● **Data provided**:
Content starts

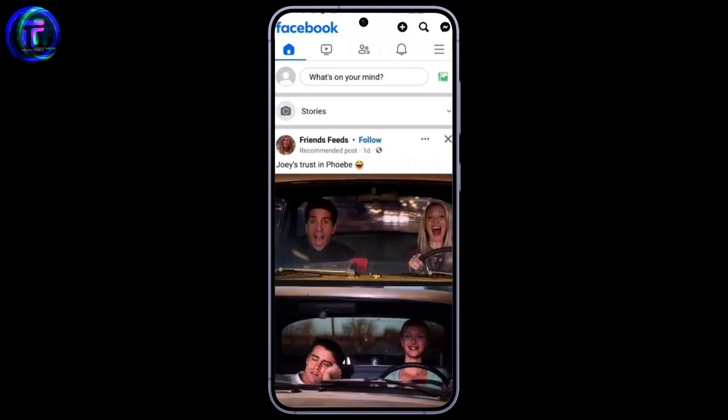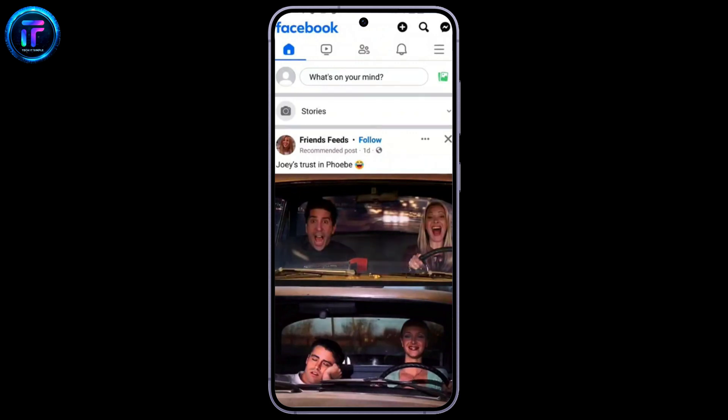Hey guys, welcome back to the channel Tech It's Simple. In this video, I'm going to show you how to log into VK with Facebook. It's very simple.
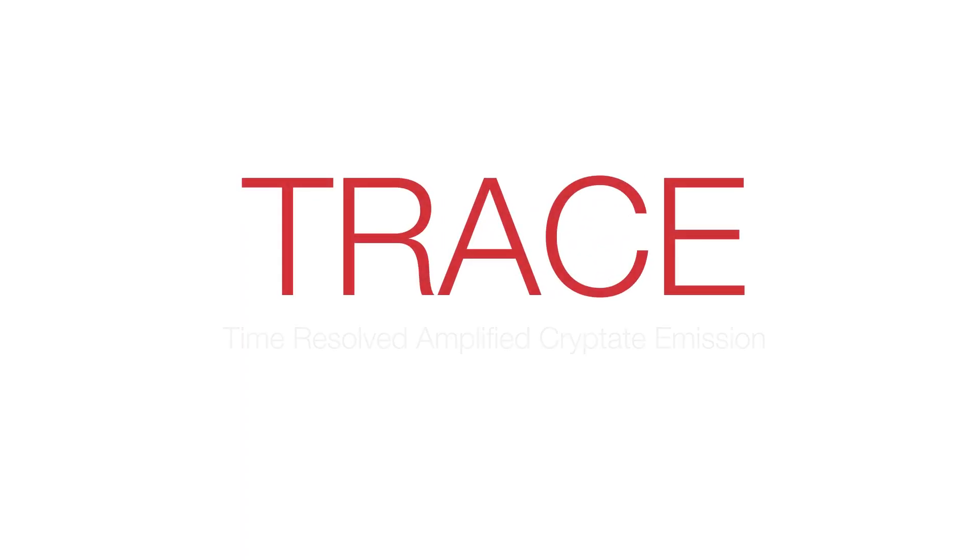TRACE technology simplifies your workflow and delivers answers you can trust.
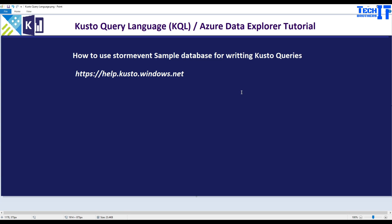Welcome to Tech Brothers. In this video we are going to learn how to use the storm event sample database for writing Kusto queries.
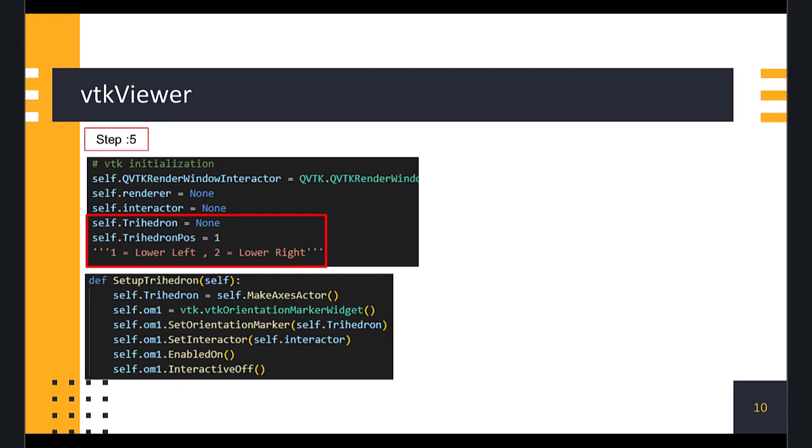Then, we define setup trihedron function. Inside, we use our MakeAxesActor function to create the AxesActor which is an object of VTK AxesActor. Then, we initialize the Orientation Marker Widget, and set the trihedron as the marker for the widget. We also set the Interactor for the widget and then enable the widget. We have to ensure that the position of the widget is fixed as per our positional logic, so we have to disable the event mechanism of the widget, using the interactive off function of the widget.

Content ends

● **Work to be completed**: Please return the lines above exactly, with the pictures omitted.

● **Your response**:
Hey guys, welcome back to the channel Tech It's Simple. In this video, I'm going to show you how to log into VK with Facebook. It's very simple.
TRACE technology simplifies your workflow and delivers answers you can trust.
Welcome to Tech Brothers. In this video we are going to learn how to use the storm event sample database for writing Kusto queries.
Then, we define setup trihedron function. Inside, we use our MakeAxesActor function to create the AxesActor which is an object of VTK AxesActor. Then, we initialize the Orientation Marker Widget, and set the trihedron as the marker for the widget. We also set the Interactor for the widget and then enable the widget. We have to ensure that the position of the widget is fixed as per our positional logic, so we have to disable the event mechanism of the widget, using the interactive off function of the widget.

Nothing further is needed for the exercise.